L’amour de la beauté divine, c’est aussi l’amour de l’Esprit Saint qui nous conduit à reconnaître, dans le Fils, le Christ, le révélateur du Père. Il est celui qui nous le fait connaître, qui nous le fait aimer, qui nous permet, lui l’Esprit Saint, de discerner, d’identifier notre propre vocation de frère et de sœur du Christ. Nous sommes ainsi conduits, jour après jour, à approfondir, avec la force que donne l’Esprit, avec la lumière qu’il entretient en nous, à comprendre où nous en sommes de notre propre existence de baptisés, à comprendre où il nous mène sur les chemins de l’existence quotidienne, à le découvrir, lui le Fils qui nous conduit vers le Père dans la force et la lumière de l’Esprit.

Mais l’amour de la beauté divine, c’est évidemment principalement l’amour du Christ dans sa beauté, dans sa beauté-même qui est capable de nous attirer. Lui-même fait naître en nous le désir de le suivre, le désir de lui ressembler. Je me permets de citer sainte Élisabeth de la Trinité dans sa grande prière de novembre 1904 : « Fascinez-moi pour que je ne puisse plus sortir de Votre rayonnement. » Nous voici dans la lumière et la beauté du Christ que nous sommes invités à contempler, à aimer. Dans cette lumière, nous grandissons, parce que cette lumière, avec l’amour de la lumière qui est dans le Christ et qui rejaillit sur nous, il la projette sur nous, désirant faire de nous quelques reflets de sa propre gloire.

Voilà quelque chose d’inimaginable peut-être : comment en nous, à travers notre vie baptismale, la vie de consacré, nous grandissons dans l’amour du Christ, dans l’amour de la beauté divine, dans l’amour de la force de l’Esprit et de sa lumière ?

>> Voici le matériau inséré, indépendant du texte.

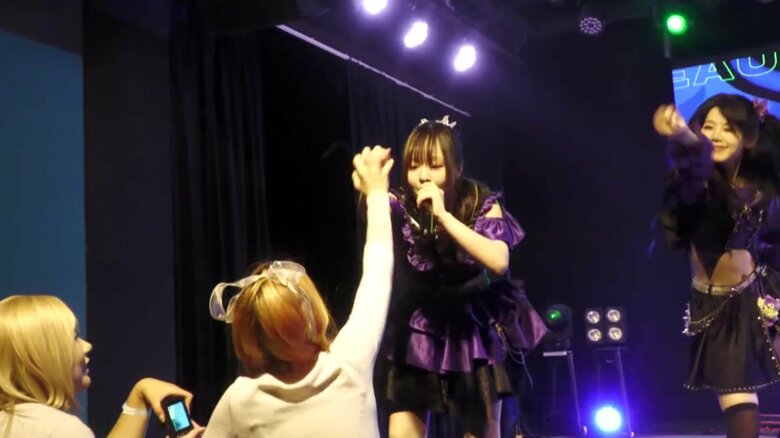 ファンとハイタッチする中国の地下アイドル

Et enfin, cela nous conduit à l’amour de l’Église, qui malgré la faiblesse de ses membres que nous sommes, est capable notamment à travers les sacrements et notre participation à la vie sacramentelle, d’apparaître de siècle en siècle non pas uniquement noircie par le péché de ses membres, mais surtout éclairée par la miséricorde de Dieu. C’est pour cela que l’Église continue d’attirer les fidèles, d’attirer les catéchumènes, d’attirer les chercheurs de Dieu, de convertir les fidèles jour après jour dans leur vie de baptisé, et souvent d’attirer des incroyants, des incrédules et des agnostiques, et de leur parler, de les transformer, parce que c’est cette lumière qui vient de Dieu, cette beauté qui vient de lui : la force de l’Esprit et le rayonnement de la lumière du Christ qui ne cesse de venir sur le visage de l’Église.

La première phrase de la constitution Lumen gentium le dit de façon si belle, que nous gardons en mémoire :
« Le Christ est la lumière des peuples ; réuni dans l’Esprit Saint, le saint Concile souhaite donc ardemment, en annonçant à toutes les créatures la bonne nouvelle de l’Évangile répandre sur tous les hommes la clarté du Christ qui resplendit sur le visage de l’Église. »

Nous ne pouvons pas oublier cette lumière qui resplendit sur le visage de l’Église et qui n’est autre que la lumière de Dieu lui-même, la lumière du Christ et la force de l’Esprit.

Cette beauté, cet amour de la beauté de Dieu que révèle la vie consacrée nous sont si précieux, surtout dans les temps de tristesse, de guerres, de conflits non résolus partout sur la terre. Cultivons ensemble, frères et sœurs, et vous particulièrement consacrés, cet amour de la beauté de Dieu. Que Dieu veuille bien nous attirer toujours plus, en sa bonté, vers lui seul.